Sitting in on an airport board meeting for Saratoga, I heard how the deer were a problem hanging out near the runway. There is a deer fence and it just has to be repaired (probably already is by the time of this column), but damn if those four legged creatures didn’t jump at the opportunity to invade.
Sure, I have vested reasons for wanting the deer gone when it concerns my gardens, but it really does not make sense to allow these animals to breed in town when both the Valley and Northern Carbon County have mountain lions living nearby. More than once over the years, I have I seen the Hanna town hall announcement board telling of mountain lion sightings in town. Mountain lions hunt deer, which would probably be the reason they come into town. My guess, no deer in town, there would be no mountain lions.
A definite myth is WGF regulations allow deer to be in a town no matter how people feel.
A town is not stuck with these animals if the community wants them out.
Talking to Will Shultz, of Wyoming Game and Fish, I discovered there are communities in Wyoming that have taken the steps to be rid of deer.
A town in Wyoming with no deer?
To get rid of the deer, first a town has to pass a no feeding ordinance. Told you I would get back to that.
Great! Hanna has already done this.
Next the town votes to apply for a Chapter 56 permit under Regulations Governing Lethal Taking of Wildlife which means the deer will be removed by WGF.
The deal breaker is two part.
The deer must be taken out lethally if you missed that in the title of the regulation. Yeah, they have to die.

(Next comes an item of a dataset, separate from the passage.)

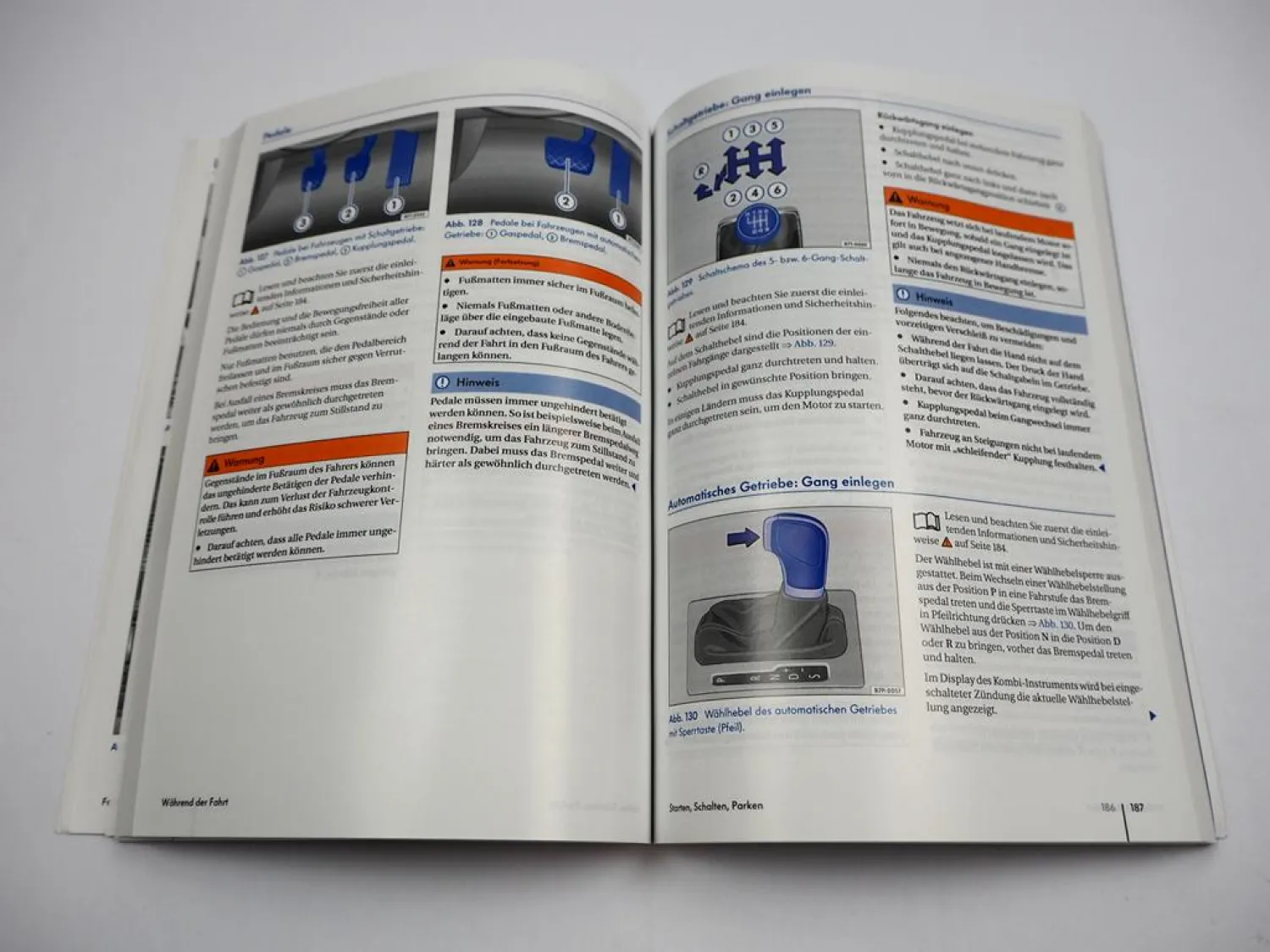 VW Touran 1T Betriebsanleitung Bedienungsanleitung 5/2010 Bordbuch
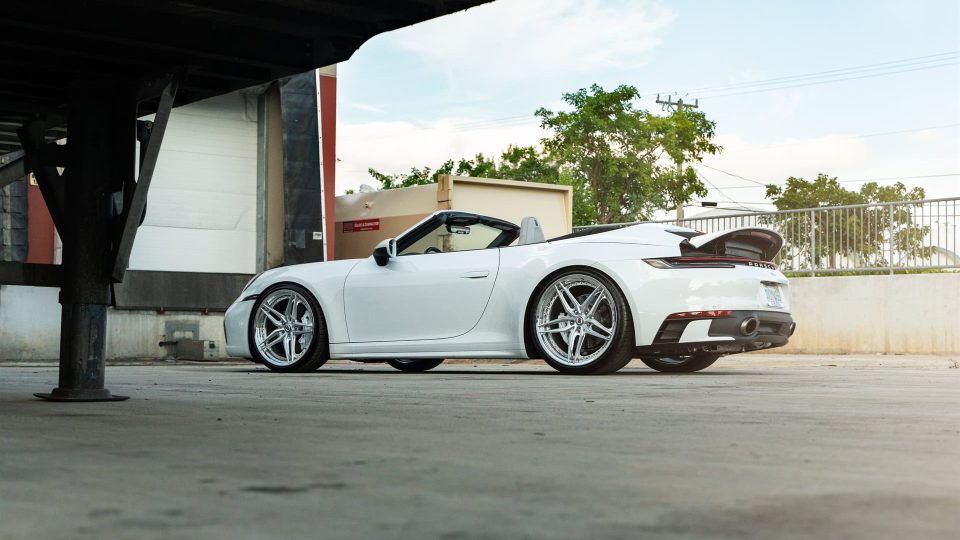 HRE S107SC | Porsche 992 Carrera S Cabriolet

Also, the town must pay for this operation.
In this time of budget cuts, I don’t see a lot of support to spend money to take out the abundant herds of either town.
The upside of a deer’s death is that after being tested for disease, the meat is donated to a food bank.
I bet the meat would be tasty after all the flowers they have eaten.
Although I see no real positives about deer being allowed to live in town, I am pretty sure they are not going to be ejected whether we are talking about north Carbon County or the Valley.
Bambi may have brought tears to my eyes as a kid, but the only tears coming to my eyes now are of anger and frustration when the critters come up to my ENCLOSED patio to dine at Mike’s floral restaurant.
Bon Appetit, my furry cervine beasties.